Client-Side Attacks Fly Under the Radar

WAFs inspect server-bound traffic; consequently, we cannot expect them to block attacks happening entirely in the browser. For example, in a DOM-based XSS attack, the payload executes in the browser and is never sent to the server. Also consider malicious first-party scripts, such as compromised analytics libraries; these don’t generate suspicious server requests for the WAF to intercept.

WAFs Introduce New Attack Surfaces

Ironically, adding a WAF introduces new attack surfaces. In fact, poorly configured custom rules can introduce RCE, for example, by dynamically constructing ModSecurity rules and failing to properly escape input. Also, care should be taken that a complex regex or large payloads do not lead to DoS due to memory exhaustion.

Furthermore, if the management interface is exposed on a public IP address, the attacker would gain access to a new WAF admin login page, allowing them to brute-force its login credentials. Or worse, the management user interface might be vulnerable to an RCE vulnerability, as in the case of CVE-2020-5902.

Performance vs. Security Trade-Off

It is worth noting that deep packet inspection incurs CPU time costs. Consider the cases where the WAF needs to do regex matching on large payloads or decode multi-layered encoding. This procedure may impact overall performance and introduce a delay. For anomaly-based detection, running behavioural models or ML engines also requires a non-trivial share of the system resources.
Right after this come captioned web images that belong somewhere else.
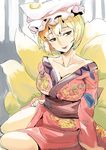  alternate_costume blonde_hair breasts cleavage clothes_lift collarbone come_hither floral_print fox_tail hat japanese_clothes kimono kimono_lift large_breasts obi pillow_hat sash sinzan sitting smile solo tail touhou yakumo_ran yellow_eyes 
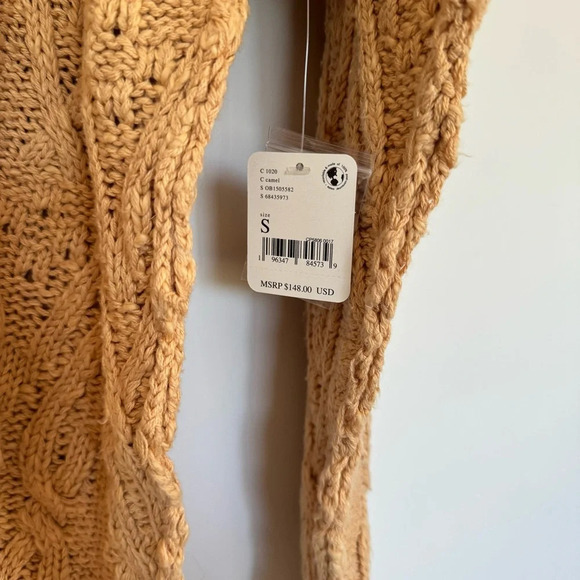 Free People Isla Cable knit Sweater in camel  Size: Small New With Tags - Picture 7 of 7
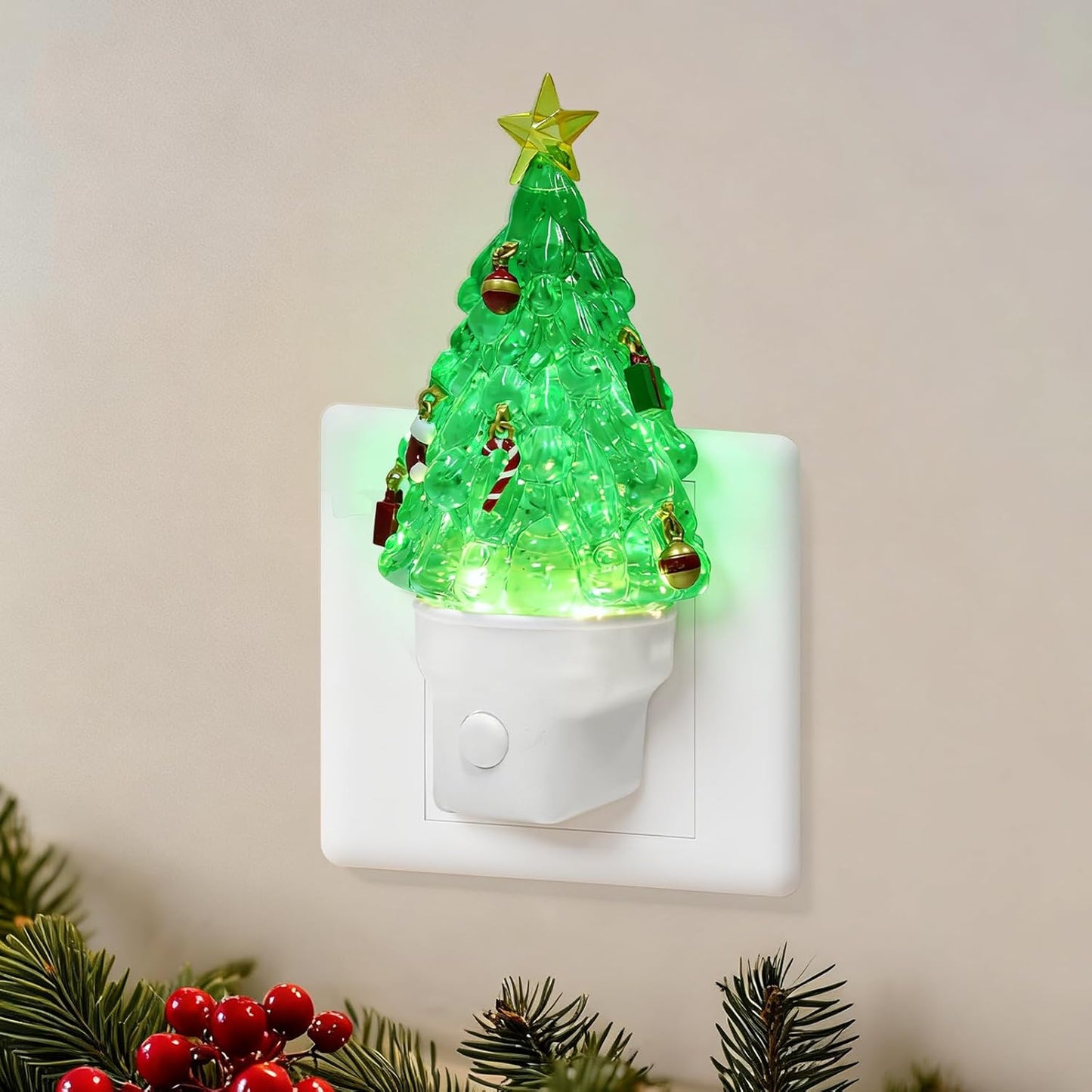 Christmas Tree Night Light Plug into Wall Glitter Water Nightlight with USB/Outlet Options, Christmas Tree Decorative Nightlight for Bedroom Kitchen Nursery Hallway Holiday Decorations Gifts (Tree)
As traffic scales, it is essential to watch for increases in latency or legitimate requests timing out.

Finally, deploying a WAF or any other security solution does not mean that the systems become miraculously secure. One should be careful not to fall into a false sense of security. On one hand, a properly configured WAF will add to the security, and it will even help meet compliance requirements; however, cyber security is built through a comprehensive security policy and various security solutions.

Web Application Firewalls are not silver bullets. They are complex tools designed to mitigate known vulnerabilities, enforce virtual patching, and filter malicious traffic; however, they can do so within certain technical and operational boundaries.

In this room, we’ve seen that WAFs are the result of firewalls evolving from simple stateless filters to deep-inspection engines capable of parsing HTTP traffic, detecting anomalies, and blocking entire classes of attacks, such as SQLi and XSS. However, their effectiveness depends on well-crafted rules, proper deployment, and a clear understanding of their limitations. A WAF cannot fix faulty business logic, making it blind to IDOR, privilege escalation, or even form value manipulation. It is powerless against encrypted and client-side traffic. Furthermore, poorly configured WAFs can introduce new attack surfaces, from rule injection to exposed management interfaces.

A WAF is best used as part of a defence in depth, not a replacement for secure coding. Unfortunately, if the underlying application is flawed, no amount of filtering will make it truly secure.